Taizé (prounced tuh-zay) is a tiny monastic community nestled in the French countryside. The community was founded in 1940 by Roger Louis Schütz-Marsauche, a Reformed Protestant. Although Brother Roger, as he was called, was stabbed to death by a mentally ill woman in 2005, his dream continues. According to Wikipedia “The community has become one of the world’s most important sites of Christian pilgrimage, with a focus on youth. Over 100,000 young people from around the world make pilgrimages to Taizé each year for prayer, Bible study, sharing, and communal work.” The community has become “an important site for Catholic–Lutheran ecumenism.” The thing that Bible believing Christians will find troubling is that Taizé music and prayers include chants and icons from the Eastern Orthodox tradition….and it is steeped in mystical monasticism.
In his book “Taizé: A Community and Worship: Ecumenical Reconciliation or an Interfaith Delusion?” Steve Lawson warns that Taizé prayer is running rampant in the Church throughout the world. Here is an excerpt from Lawson’s book. Find out what this growing movement is all about:
The worship practiced at Taizé has attracted many people from around the globe and from many different denominations. While many of the words found in Taizé worship music are words found in Scripture or words that do not necessarily contradict Scripture, the Taizé songs and worship services themselves are centered around contemplative, ecumenical, and oftentimes emergent spirituality themes. The emphasis is not on the teaching or exhortation of the Word of God but rather is to help participants “experience” God through sensory-focused music and singing. A church association in the UK describes the Taizé worship style as such:
The contemplative worship practices of the Taizé community are promoted at an annual international conference. Taizé worship is being incorporated in a wide variety of churches, both Protestant and Catholic and its pattern of devotion is emulated in other monastic communities around the world.

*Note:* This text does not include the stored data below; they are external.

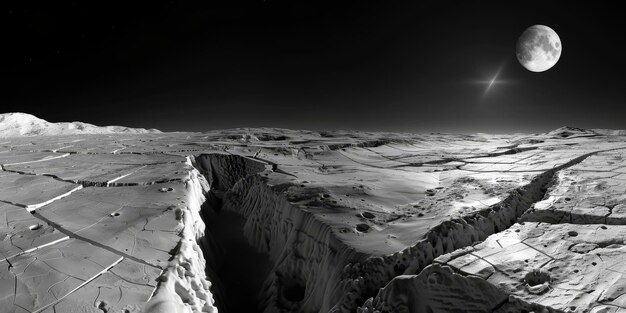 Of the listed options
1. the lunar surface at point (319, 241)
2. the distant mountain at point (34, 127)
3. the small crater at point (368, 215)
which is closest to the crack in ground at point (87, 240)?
the lunar surface at point (319, 241)

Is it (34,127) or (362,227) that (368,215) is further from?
(34,127)

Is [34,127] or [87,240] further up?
[34,127]

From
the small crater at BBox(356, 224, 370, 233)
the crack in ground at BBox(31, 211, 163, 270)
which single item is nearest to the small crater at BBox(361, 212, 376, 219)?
the small crater at BBox(356, 224, 370, 233)

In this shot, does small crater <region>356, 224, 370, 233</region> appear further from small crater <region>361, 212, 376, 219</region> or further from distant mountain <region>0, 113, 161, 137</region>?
distant mountain <region>0, 113, 161, 137</region>

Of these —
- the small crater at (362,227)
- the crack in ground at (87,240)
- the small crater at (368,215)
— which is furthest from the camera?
the small crater at (368,215)

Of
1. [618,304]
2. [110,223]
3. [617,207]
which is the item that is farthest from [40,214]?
Answer: [617,207]

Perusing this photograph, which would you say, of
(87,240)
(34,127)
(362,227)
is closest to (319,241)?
(362,227)

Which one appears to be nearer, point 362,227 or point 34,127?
point 362,227

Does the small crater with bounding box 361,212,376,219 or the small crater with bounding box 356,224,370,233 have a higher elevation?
the small crater with bounding box 361,212,376,219

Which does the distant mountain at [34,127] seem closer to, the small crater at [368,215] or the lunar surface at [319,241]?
the lunar surface at [319,241]
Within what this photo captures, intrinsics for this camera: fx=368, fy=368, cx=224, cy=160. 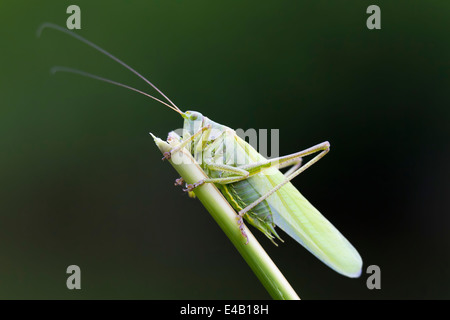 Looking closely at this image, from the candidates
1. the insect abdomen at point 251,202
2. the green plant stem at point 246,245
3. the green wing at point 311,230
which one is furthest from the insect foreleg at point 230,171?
the green plant stem at point 246,245

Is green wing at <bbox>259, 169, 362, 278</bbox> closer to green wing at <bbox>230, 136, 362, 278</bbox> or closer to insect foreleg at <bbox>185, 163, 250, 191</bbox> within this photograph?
green wing at <bbox>230, 136, 362, 278</bbox>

A Taizé worship service involves sung and chanted prayers, meditation, a period of silence, liturgical readings, and use of candles. There is no preaching. The style of prayer practiced at Taizé has attracted many worshippers from around the globe and from many different denominations.1
The main focus on the Taizé worship is the chanted prayers, meditations, and songs. However, the Bible warns against such practices:
[W]hen ye pray, use not vain repetitions, as the heathen do: for they think that they shall be heard for their much speaking. Be not ye therefore like unto them: for your Father knoweth what things ye have need of, before ye ask him. (Matthew 6:7-8)

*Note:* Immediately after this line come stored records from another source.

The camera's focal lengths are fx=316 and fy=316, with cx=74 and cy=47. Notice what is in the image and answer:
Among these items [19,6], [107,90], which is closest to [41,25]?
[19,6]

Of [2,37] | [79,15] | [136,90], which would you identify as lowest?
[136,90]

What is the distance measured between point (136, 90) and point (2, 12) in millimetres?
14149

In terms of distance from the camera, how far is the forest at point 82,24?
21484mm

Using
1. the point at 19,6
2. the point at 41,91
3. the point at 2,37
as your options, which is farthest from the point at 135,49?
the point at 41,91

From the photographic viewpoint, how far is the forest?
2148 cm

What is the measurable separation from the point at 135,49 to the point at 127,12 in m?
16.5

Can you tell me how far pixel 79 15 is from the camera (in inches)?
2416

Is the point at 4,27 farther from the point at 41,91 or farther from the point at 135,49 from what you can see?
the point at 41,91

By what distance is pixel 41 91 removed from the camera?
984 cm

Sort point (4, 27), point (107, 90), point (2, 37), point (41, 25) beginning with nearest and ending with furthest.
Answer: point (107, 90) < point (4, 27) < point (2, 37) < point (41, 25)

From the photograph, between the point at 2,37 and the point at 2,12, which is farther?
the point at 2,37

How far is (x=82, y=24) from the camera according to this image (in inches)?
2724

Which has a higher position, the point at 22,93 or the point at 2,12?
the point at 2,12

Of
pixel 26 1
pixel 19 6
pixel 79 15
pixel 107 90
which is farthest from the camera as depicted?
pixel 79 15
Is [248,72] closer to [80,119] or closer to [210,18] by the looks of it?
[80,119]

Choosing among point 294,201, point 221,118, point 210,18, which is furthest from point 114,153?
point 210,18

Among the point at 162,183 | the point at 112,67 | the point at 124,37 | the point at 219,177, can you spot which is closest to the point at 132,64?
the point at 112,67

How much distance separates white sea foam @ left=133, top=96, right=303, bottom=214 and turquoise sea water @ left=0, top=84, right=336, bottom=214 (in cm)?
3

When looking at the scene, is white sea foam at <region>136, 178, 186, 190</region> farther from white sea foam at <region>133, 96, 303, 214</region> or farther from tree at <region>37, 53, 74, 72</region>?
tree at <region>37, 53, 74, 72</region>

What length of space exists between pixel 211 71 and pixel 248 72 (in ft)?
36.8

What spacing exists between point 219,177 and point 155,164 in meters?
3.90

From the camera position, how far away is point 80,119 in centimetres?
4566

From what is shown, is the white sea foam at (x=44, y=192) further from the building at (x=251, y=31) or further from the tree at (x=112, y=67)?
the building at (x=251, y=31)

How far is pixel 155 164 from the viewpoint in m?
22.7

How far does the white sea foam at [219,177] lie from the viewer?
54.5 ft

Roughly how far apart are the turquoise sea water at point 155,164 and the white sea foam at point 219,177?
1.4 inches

The Contemplative Network, an online resource for those interested in meditative prayer practices, describes Taizé worship and prayer like this:
For those familiar with Taizé common prayer, but unfamiliar with Centering Prayer practices, they will discover that they grow from the same root of seeking to surrender the mind and heart to the intimate presence of God. They share the same spirit of ancient monastic traditions to open space to let the Word of God reverberate in all its dimensions. Those who have tasted of this open space during the silent period of a Taizé common prayer service may find themselves well disposed to explore related contemplative practices such as Lectio Divina and Centering Prayer.2
The Taizé worship is not based on the objective Word of God but rather offers spiritual experiences that are subjectively appealing to the flesh. In Scripture, we are instructed to build up the inner spiritual man and to resist the carnality of the flesh (Ephesians 3:16, Romans 8:1-16).

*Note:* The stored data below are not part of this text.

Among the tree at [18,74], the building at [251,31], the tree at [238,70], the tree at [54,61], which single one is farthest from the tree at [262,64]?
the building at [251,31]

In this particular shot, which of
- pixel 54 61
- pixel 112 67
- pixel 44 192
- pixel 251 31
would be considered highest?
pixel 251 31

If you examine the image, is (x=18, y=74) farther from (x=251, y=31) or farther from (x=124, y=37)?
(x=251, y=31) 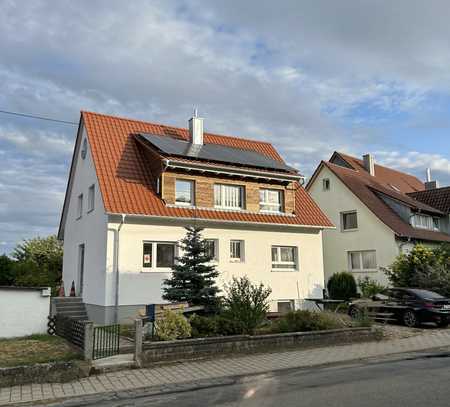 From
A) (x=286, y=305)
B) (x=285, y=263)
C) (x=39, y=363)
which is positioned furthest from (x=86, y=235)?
(x=39, y=363)

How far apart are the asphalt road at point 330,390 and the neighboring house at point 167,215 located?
27.9 feet

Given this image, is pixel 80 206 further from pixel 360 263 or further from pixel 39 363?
pixel 360 263

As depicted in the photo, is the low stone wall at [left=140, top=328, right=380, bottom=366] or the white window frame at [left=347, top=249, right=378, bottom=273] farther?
the white window frame at [left=347, top=249, right=378, bottom=273]

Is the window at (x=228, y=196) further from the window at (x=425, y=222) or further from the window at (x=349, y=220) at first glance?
the window at (x=425, y=222)

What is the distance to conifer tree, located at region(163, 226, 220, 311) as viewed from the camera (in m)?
13.4

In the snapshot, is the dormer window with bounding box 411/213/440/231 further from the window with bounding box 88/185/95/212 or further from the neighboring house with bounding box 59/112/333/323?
the window with bounding box 88/185/95/212

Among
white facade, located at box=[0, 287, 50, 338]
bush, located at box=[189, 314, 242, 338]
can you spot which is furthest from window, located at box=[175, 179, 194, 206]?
bush, located at box=[189, 314, 242, 338]

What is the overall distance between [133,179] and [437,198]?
22.4 metres

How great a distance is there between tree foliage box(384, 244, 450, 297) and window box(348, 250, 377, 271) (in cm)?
320

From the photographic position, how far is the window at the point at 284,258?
20.4 m

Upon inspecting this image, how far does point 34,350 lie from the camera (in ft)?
37.4

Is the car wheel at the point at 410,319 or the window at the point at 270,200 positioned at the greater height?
the window at the point at 270,200

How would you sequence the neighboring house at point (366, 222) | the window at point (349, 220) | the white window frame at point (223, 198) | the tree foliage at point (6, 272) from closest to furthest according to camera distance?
1. the white window frame at point (223, 198)
2. the tree foliage at point (6, 272)
3. the neighboring house at point (366, 222)
4. the window at point (349, 220)

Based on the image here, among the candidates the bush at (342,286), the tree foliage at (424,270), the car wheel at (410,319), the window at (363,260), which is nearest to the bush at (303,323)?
the car wheel at (410,319)
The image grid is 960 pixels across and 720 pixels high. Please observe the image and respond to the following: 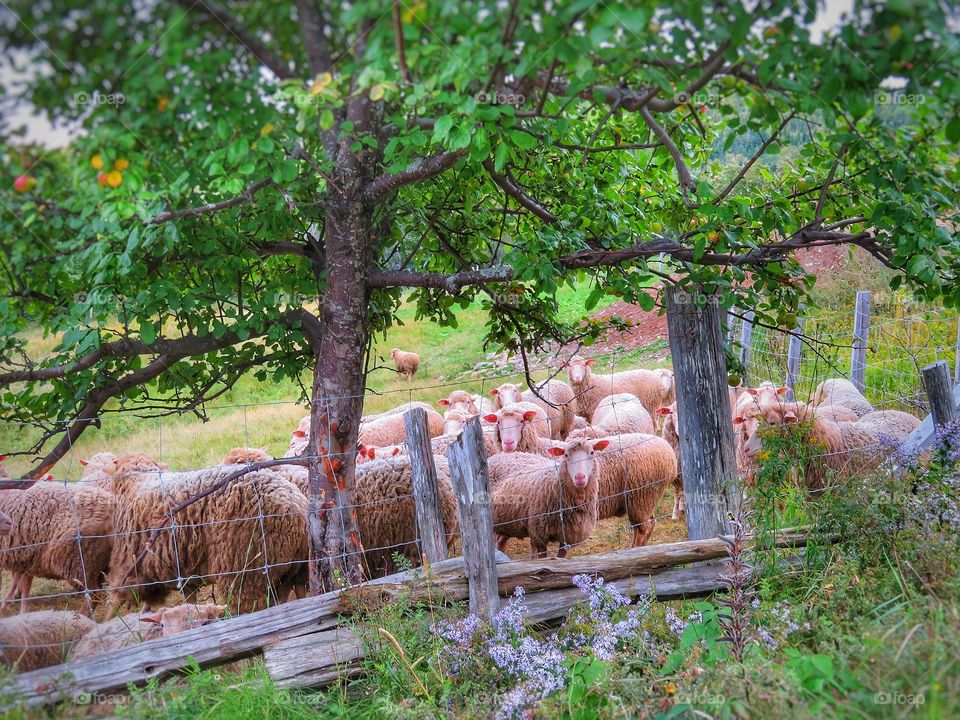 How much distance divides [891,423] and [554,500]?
3524mm

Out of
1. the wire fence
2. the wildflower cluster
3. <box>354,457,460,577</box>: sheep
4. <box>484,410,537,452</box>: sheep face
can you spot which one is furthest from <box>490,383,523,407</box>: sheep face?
the wildflower cluster

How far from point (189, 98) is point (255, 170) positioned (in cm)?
42

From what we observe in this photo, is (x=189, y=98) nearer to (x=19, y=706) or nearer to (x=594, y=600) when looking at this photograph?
(x=19, y=706)

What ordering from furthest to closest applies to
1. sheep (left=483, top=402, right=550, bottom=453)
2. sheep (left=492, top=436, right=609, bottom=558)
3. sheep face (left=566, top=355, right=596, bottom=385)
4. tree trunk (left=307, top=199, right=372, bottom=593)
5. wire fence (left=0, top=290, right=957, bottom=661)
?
1. sheep face (left=566, top=355, right=596, bottom=385)
2. sheep (left=483, top=402, right=550, bottom=453)
3. sheep (left=492, top=436, right=609, bottom=558)
4. wire fence (left=0, top=290, right=957, bottom=661)
5. tree trunk (left=307, top=199, right=372, bottom=593)

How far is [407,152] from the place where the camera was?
13.7 feet

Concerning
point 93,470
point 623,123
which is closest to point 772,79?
point 623,123

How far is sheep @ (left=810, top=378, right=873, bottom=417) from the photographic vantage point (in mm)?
8977

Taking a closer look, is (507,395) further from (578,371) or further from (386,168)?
(386,168)

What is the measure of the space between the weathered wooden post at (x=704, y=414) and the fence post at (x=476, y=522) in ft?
4.83

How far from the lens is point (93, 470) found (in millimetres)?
8109

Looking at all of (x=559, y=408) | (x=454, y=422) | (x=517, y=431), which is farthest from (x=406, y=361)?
(x=517, y=431)

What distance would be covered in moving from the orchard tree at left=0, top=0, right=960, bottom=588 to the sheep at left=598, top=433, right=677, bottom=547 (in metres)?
2.40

Jesus Christ instructed His disciples that they should not use repetitive prayers (chanting) like the heathen (New Agers, pagans, etc.) do. Anytime experience is given higher regard than God’s Word, it puts followers at risk of becoming victim to deception and even dangerous spiritual realms. Mystical and esoteric experiences are subjective, meaning they are not founded on anything solid or concrete. It is the Word of God (the Bible) that is to be our steering mechanism through life. Consider these verses that show the importance of the Word of God. You won’t find any verses giving credence to seeking after mystical experiences:
For the word of God is quick, and powerful, and sharper than any twoedged sword, piercing even to the dividing asunder of soul and spirit, and of the joints and marrow, and is a discerner of the thoughts and intents of the heart. (Hebrews 4:12)
All scripture is given by inspiration of God, and is profitable for doctrine, for reproof, for correction, for instruction in righteousness: That the man of God may be perfect, throughly furnished unto all good works. (2 Timothy 3:16-17)
Wherewithal shall a young man cleanse his way? by taking heed thereto according to thy word. (Psalm 119:9)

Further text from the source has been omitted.